Одна незадача: у божества сменилось настроение. Императрица, в принципе жадно любившая и строительную деятельность, и смелые прожекты, быстро охладела к баженовской затее. Отстаивать свое ложноклассическое величие средствами геополитики выходило, на ее вкус, как-то внушительнее, чем тратя десятки миллионов рублей на строительство в старой столице. Та же война с Турцией, которая стала одним из предлогов для бесславного конца Уложенной комиссии, стала одним из поводов и для сворачивания работ в Кремле. Тем более что из-за разобранной москворецкой стены начались оползни и по Архангельскому собору пошли трещины (это с тех пор его здание украшено портящими "веницейскую" стройность контрфорсами). Да и Москва стала, как видно, вызывать у царицы раздражение. Особенно после чумного бунта 1771 года, который Екатерина с непередаваемым гневом описывала в очередном письме к Вольтеру. Архиепископ Амвросий (кстати, тоже любитель и знаток архитектуры — это в бытность его архимандритом Ново-Иерусалимского монастыря там работал Растрелли) своими не совсем благочестивыми, но трезвыми санитарными мерами так распалил обезумевшую толпу, что она его растерзала.
По преданию, Баженов пустил на модель лиственничные бревна, из которых было сложено еще одно восьмое чудо света — дворец Алексея Михайловича в Коломенском. Последнее лужковское десятилетие показало, что московскому стройкомплексу вообще по зубам самые странные и давно похороненные утопии: хоть баженовско-казаковское Царицыно, хоть тот же дворец в Коломенском, "воссозданный" в железобетоне на совершенно другом месте.
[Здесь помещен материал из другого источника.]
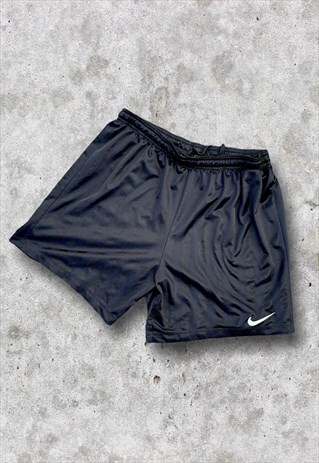 VINTAGE NIKE SHORTS SPORTS BLACK XL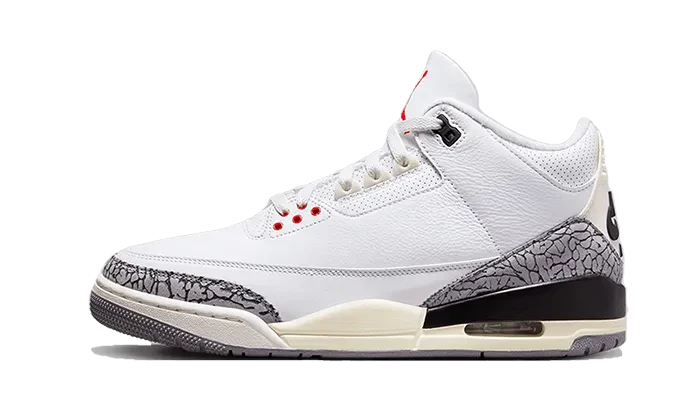 Air Jordan 3 Retro White Cement Reimagined - DN3707-100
Бог весть, не приходила ли Юрию Михайловичу в голову шальная мысль о баженовском Кремлевском дворце, воссозданном где-нибудь в Бутово в качестве ну там всемирного пчеловодческого форума. Скорее всего, не приходила, потому что даже мэр наверняка усвоил модную в охранительных кругах 1990-х мантру о том, что баженовский дворец-де злокозненное масонское издевательство над святыней столичного Кремля — и ничего больше. Но в любом случае сохранившаяся модель одновременно и памятник величайшей утопии нашего XVIII века, и противоядие против любых попыток реконструкции, даже просто компьютерной: слишком велик запас собственной правдивости и собственного красноречия у этих деревянных колоннад.